Common Equity Mistakes Founders Make (and How to Avoid Them)
- Giving Away Too Much Too Soon: When you’re just starting out and trying to raise money or bring on advisors, it’s tempting to give a big equity slice to the first person who offers support, whether it’s an early investor, an advisor, or even a friend who “believes in you” without thinking about the long-term impact. You might be tempted to offer an early investor 40% because they wrote your first check or promise an advisor 10% just for introductions. The problem, however, is that when you give away too much too early, you leave little room for yourself, future employees, or later investors; and this signals ‘poor judgement.’ Advisors usually don’t need more than 0.25–2% and early investors don’t need half of your company. Protect your ownership because you’ll need it later.
- Forgetting About Employee Stock Options (ESOPs): Your team is one of your biggest assets, but many founders either ignore creating stock options or set them up poorly. Some even wait until an investor forces them to create a pool, while others set up huge pools (like 20–30%) that aren’t even used, which dilutes everyone unnecessarily. What you can do instead is to create a reasonable ESOP early (typically 5–10%). Use it to reward the right people and attract key talent. Also, make sure your team actually understands what equity means and how it works because equity only motivates people when they get it.
- Unclear Founder Agreements: This one is a silent killer. Two or three friends start a company, but no one writes anything down – no vesting schedules, no clear roles. Then, when a co-founder leaves, they walk away with a massive equity stake they’re no longer contributing to. A smart tip? As soon as you and your friend(s) agree to become founders of a startup, put agreements in writing. Use a vesting schedule (usually 4 years with a 1-year cliff). That way, if someone leaves early, they don’t take a huge chunk of the company they’re not helping to build. It may look awkward at first, but it avoids bigger fights later.

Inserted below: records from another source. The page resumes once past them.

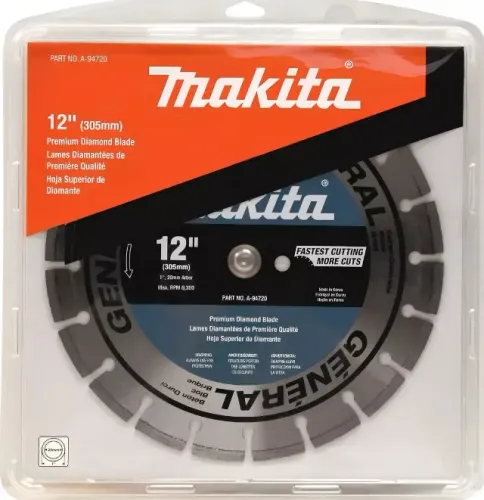 DISCO DIAMANTADO SEGMENTADO MAKITA 12POL 305MM - A-94720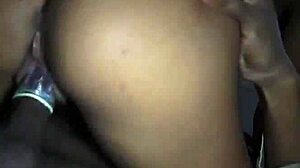 hot teen drops booty outside base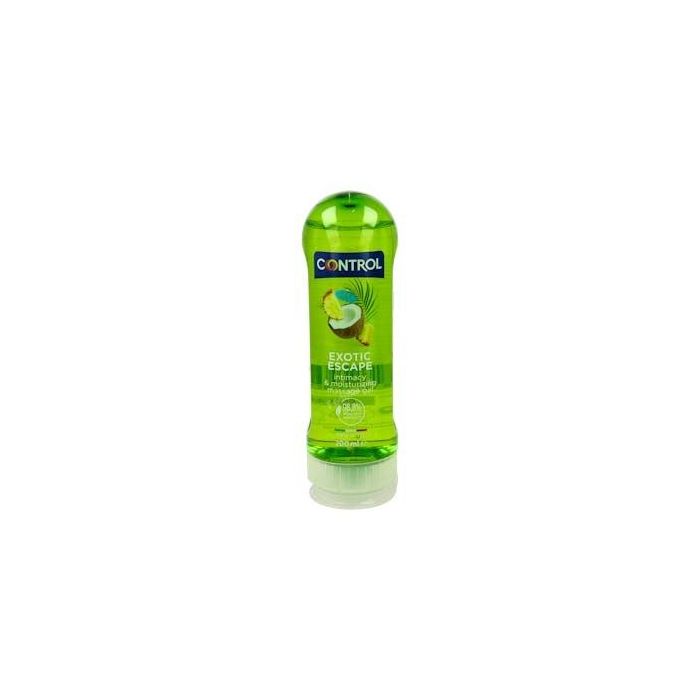 CONTROL Exotic Escape Massage Gel 200ml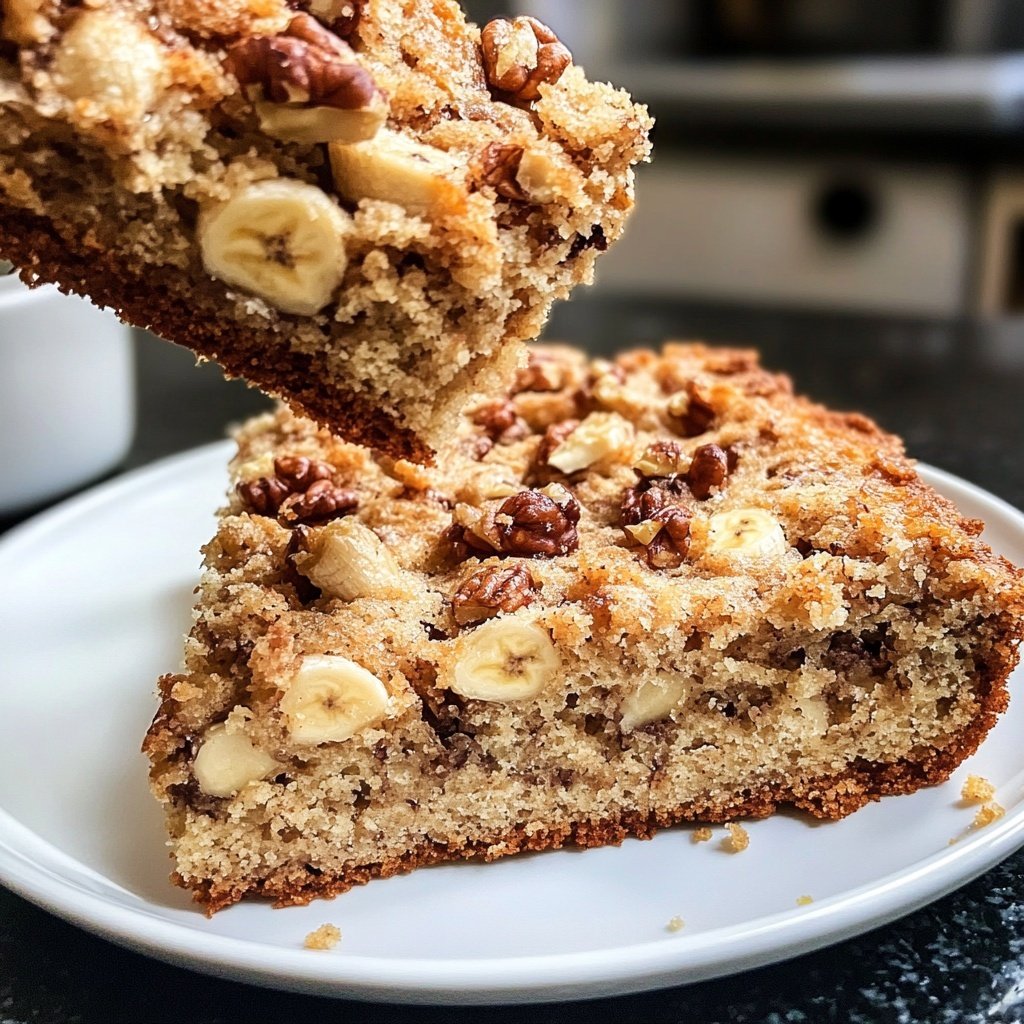 Bananenbrot mit Walnüssen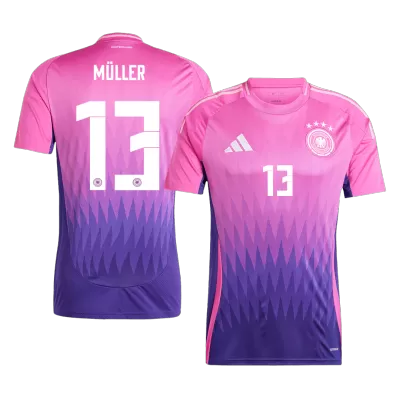 MÜLLER #13 Germany Shirt Away Euro 2024 - bestfootballkits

- Messy Cap Tables: Your cap table is basically your company’s ownership map, not just some random spreadsheet. Yet many founders keep messy records, forget to update after agreements, or rely on casual WhatsApp promises (“Don’t worry, I’ll give you 5% later”). When it’s time to raise money, all the investors will see is CHAOS and RISK, and they won’t touch a cap table full of confusion. Always keep your cap table clean and up-to-date. Use proper equity management tools like Carta, Pulley, or even a well-maintained legal spreadsheet if you’re early-stage. Document everything formally and keep it updated.
- Ignoring Dilution: Many first-time founders assume that if they own 60% of their company today, they’ll always own 60%. Then fundraising starts, and reality sets in. After a few rounds, they’re shocked to find themselves with 10% or less. Every fundraising round dilutes ownership. If you’re not planning ahead, you may wake up after Series B with less than 10% in your own company. It's always advisable to model for future rounds. Work with lawyers, accountants, or experienced advisors to project what your ownership looks like after multiple raises to avoid surprises later and to set realistic expectations.
- Not Thinking About the Exit Early: Equity mistakes often show up at the exit stage, when the company is being acquired or preparing for IPO. Founders sometimes realize too late that preference shares, early promises, or bad agreements mean they walk away with much less than expected. Always think long-term from day one. Ask yourself: If we sold tomorrow, how would the money be divided? Structure your equity with that in mind.
Managing equity can be your biggest headache if you handle it poorly from the beginning. Think of equity as the foundation of your startup’s house. If it’s shaky, the whole structure is at risk, but if it’s solid, you can build something that lasts and can hold the weight of your company’s growth, investors, and eventual success.